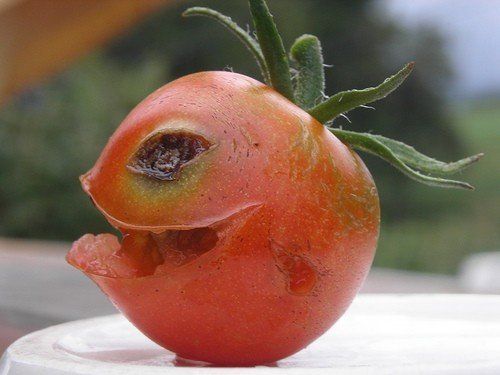 Fun with Fruits, Vegetables, Eggs and Other... (138 pics)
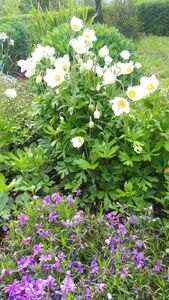 Анемоны Анемоны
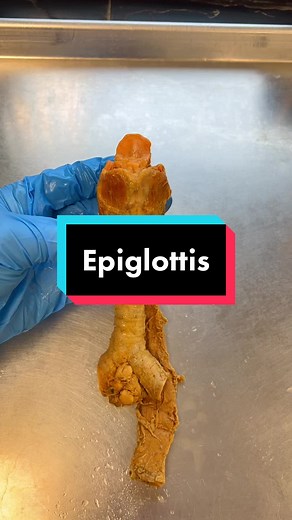 The exact mechanics of how the epiglottis closes is still not fully understood… #STEMTok #Epiglottis #Larynx #Anatomy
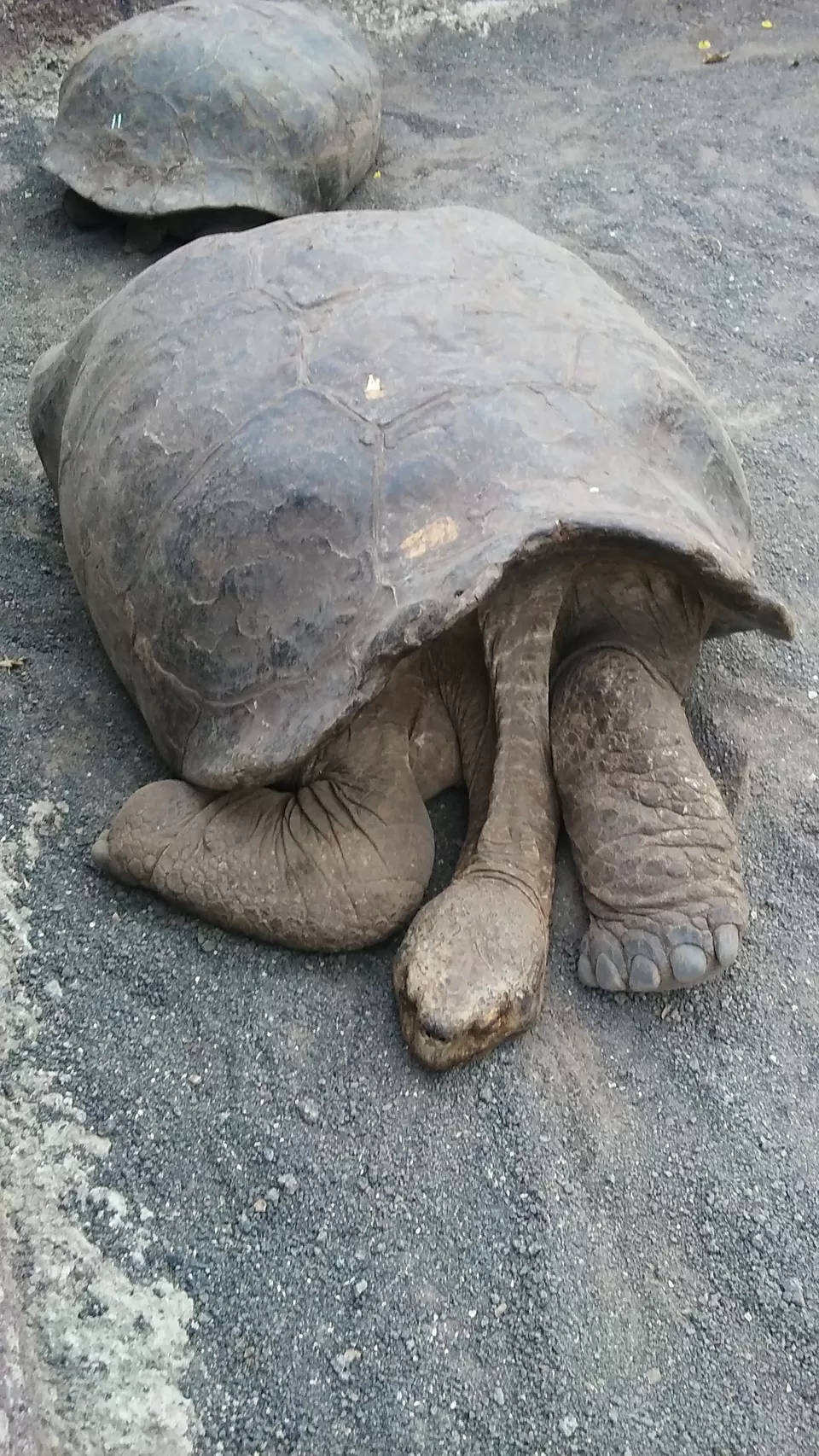 Photo of Puerto Ayora, Galápagos Islands, Ecuador by Varun Suchday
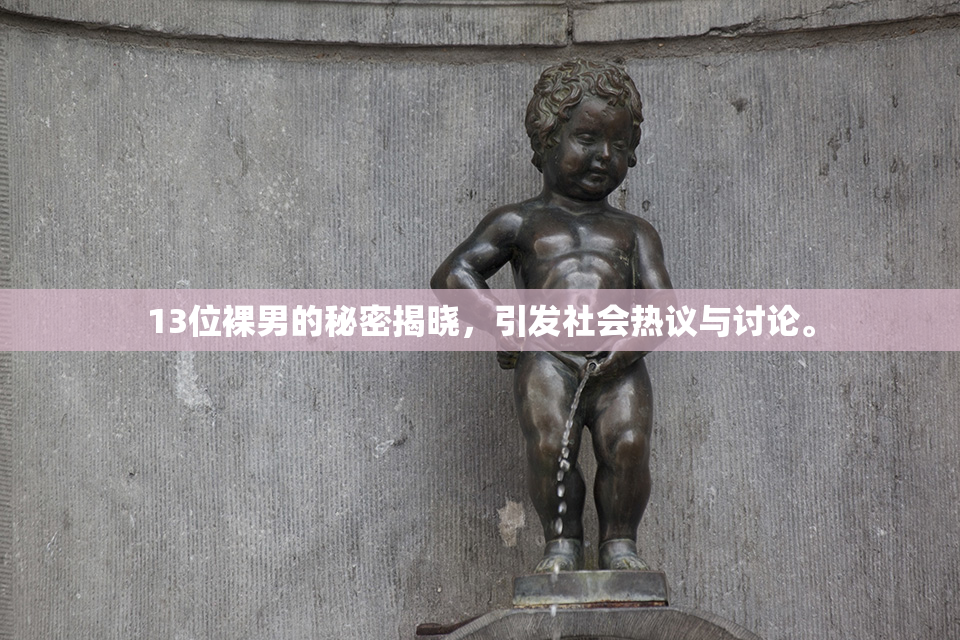 13位裸男的秘密揭晓，引发社会热议与讨论。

_Assignment_
Please retype the entries above word for word, but only from the line containing "The exact mechanics" through the last line, and without the pictures.

_Task answer_
 The exact mechanics of how the epiglottis closes is still not fully understood… #STEMTok #Epiglottis #Larynx #Anatomy
 Photo of Puerto Ayora, Galápagos Islands, Ecuador by Varun Suchday
 13位裸男的秘密揭晓，引发社会热议与讨论。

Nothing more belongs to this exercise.